The Toblerone Affair (1995)
In October 1995 Expressen revealed that Mona Sahlin — Deputy PM and presumptive SAP successor to Ingvar Carlsson — had used a government credit card for private expenses totalling 53,174 SEK, including two Toblerone bars. The criminal investigation was dropped but Sahlin withdrew her leadership candidacy on 16 October 1995, opening the path for Göran Persson and delaying Sweden's first-female PM by nearly two decades.
The Toblerone affair of October 1995 was the first scandal in the modern Swedish media era to end a prime-ministerial career before it began. Expressen reporter Leif Brännström revealed that Mona Sahlin — Deputy Prime Minister, former Labour Market Minister 1990–1991, and the presumptive SAP successor to Ingvar Carlsson — had used her government credit card for private expenses totalling 53,174 SEK, including a now-iconic purchase of two bars of Toblerone chocolate.
The preliminary criminal investigation was opened and quickly dropped: prosecutors found no offence. The political verdict was harsher.

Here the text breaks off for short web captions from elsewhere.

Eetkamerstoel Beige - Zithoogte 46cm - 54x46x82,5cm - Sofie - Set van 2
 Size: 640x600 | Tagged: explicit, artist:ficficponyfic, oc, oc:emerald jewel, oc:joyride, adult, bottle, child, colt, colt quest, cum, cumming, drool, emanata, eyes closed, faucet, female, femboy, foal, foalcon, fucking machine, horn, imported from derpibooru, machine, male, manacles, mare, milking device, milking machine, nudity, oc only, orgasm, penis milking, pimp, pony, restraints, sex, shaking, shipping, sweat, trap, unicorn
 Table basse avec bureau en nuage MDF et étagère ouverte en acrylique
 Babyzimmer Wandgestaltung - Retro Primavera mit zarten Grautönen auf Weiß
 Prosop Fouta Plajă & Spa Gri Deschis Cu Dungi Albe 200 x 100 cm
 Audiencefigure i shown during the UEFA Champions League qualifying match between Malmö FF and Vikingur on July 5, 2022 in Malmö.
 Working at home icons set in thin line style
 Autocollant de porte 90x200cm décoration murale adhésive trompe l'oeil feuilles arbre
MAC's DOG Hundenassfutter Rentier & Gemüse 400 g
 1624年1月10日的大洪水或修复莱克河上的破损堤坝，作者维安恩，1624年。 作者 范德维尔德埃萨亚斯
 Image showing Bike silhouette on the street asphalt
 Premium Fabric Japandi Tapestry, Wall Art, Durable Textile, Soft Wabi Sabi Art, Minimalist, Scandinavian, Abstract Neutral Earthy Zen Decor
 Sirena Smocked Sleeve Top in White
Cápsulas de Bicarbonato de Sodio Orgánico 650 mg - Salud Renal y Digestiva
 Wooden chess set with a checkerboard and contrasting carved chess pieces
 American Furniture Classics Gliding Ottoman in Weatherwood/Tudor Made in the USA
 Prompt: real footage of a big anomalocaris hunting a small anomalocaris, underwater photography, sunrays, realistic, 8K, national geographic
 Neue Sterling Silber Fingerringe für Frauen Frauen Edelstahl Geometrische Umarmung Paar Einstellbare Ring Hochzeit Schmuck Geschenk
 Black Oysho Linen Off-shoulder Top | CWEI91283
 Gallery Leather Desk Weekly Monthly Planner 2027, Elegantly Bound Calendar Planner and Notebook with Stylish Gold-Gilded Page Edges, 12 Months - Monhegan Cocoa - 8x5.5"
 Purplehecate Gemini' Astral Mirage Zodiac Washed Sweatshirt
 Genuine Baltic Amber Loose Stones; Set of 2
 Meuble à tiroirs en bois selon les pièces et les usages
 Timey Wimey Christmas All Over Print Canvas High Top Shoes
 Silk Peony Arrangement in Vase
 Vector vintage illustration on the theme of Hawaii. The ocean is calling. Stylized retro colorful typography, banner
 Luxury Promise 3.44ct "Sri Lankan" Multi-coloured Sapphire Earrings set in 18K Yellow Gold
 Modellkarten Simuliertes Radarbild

On 13 October Aftonbladet published a consolidated summary; on 14 October a Sifo poll showed 66 percent of voters now saw Sahlin as unsuitable as PM. On 16 October 1995 Sahlin held a press conference, announced a time-out, and withdrew her candidacy.
The affair cleared the path for Göran Persson, who took the SAP chair and prime-ministership in March 1996 and brought with him the strict fiscal-austerity programme — including the NDC pension reform and the överskottsmålet surplus rule — that defined post-crisis Swedish governance. It also delayed the eventual first-female SAP leader (Sahlin returned 2007–2011) and the first-female PM (Magdalena Andersson, 2021) by more than a decade.